While buying high-yield shares is one way of combating the effects of higher inflation, buying shares with high dividend growth rates could be another. Certainly, in the short run their income return may be lower than for higher-yielding peers. However, in the long run their total returns could be higher as investors seek means of negating the effects of inflation on their income over a sustained period. With that in mind, these two shares could be worth a closer look.
Growth potential
Reporting on Wednesday was international transport company National Express (LSE: NEX). It was able to continue the strong momentum experienced in 2016 in the first part of 2017, with revenue rising by 5.4% on a constant currency basis. It benefitted from organic growth and a number of bolt-on acquisitions which were made recently.
National Express has been able to improve its operational performance and deploy technology to a greater extent in order to boost its profitability. North America has had a strong start to the year, with revenue up 5.8% and the company enjoying a strong bid season. Its contract retention rate of 96% indicates that its service offering is relatively high. While challenging conditions in the UK Bus sector equated to a fall in revenue in some parts of the business, this was offset to at least some extent by strong performance in the German Rail segment and in UK Coach.
With National Express yielding 3.7%, its income return is only 0.1% lower than that of the FTSE 100. However, since its dividend is covered 2.2 times by profit, there seems to be significant scope for a rapidly-rising dividend over the medium term. With profit growth of 7%-8% expected on an annualised basis over the next two years, now could be the right time to buy National Express.
Turnaround prospects
Another stock with a bright future is Dart Group (LSE: DTG). It could also be worth buying at the present time. The company has experienced difficult trading conditions in recent years, with customer demand coming under pressure.
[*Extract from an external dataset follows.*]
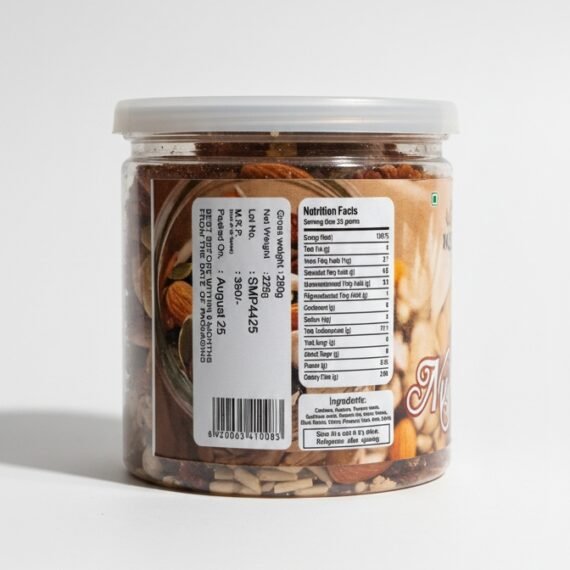 trail mixture | dry fruits mix with seeds (250g) - Image 3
This has caused the company’s bottom line to fall in the most recent financial year at a double-digit rate, with a further 25% decline in profit expected in the current year.
However, Dart Group’s fortunes are expected to improve dramatically next year. It is forecast to post a rise in earnings of 15%, with its price-to-earnings growth (PEG) ratio of 0.9 indicating that its prospects have not yet been priced-in by the market. That’s despite a 30% rise in its share price since the start of the year.
While Dart Group may only yield 1% at the present time, its dividends are covered 6.2 times by profit. Alongside its strong earnings growth potential, this suggests that a sustained rise in shareholder payouts could be ahead. This has the potential to transform the company’s share price performance and lead to a high total return in the long run.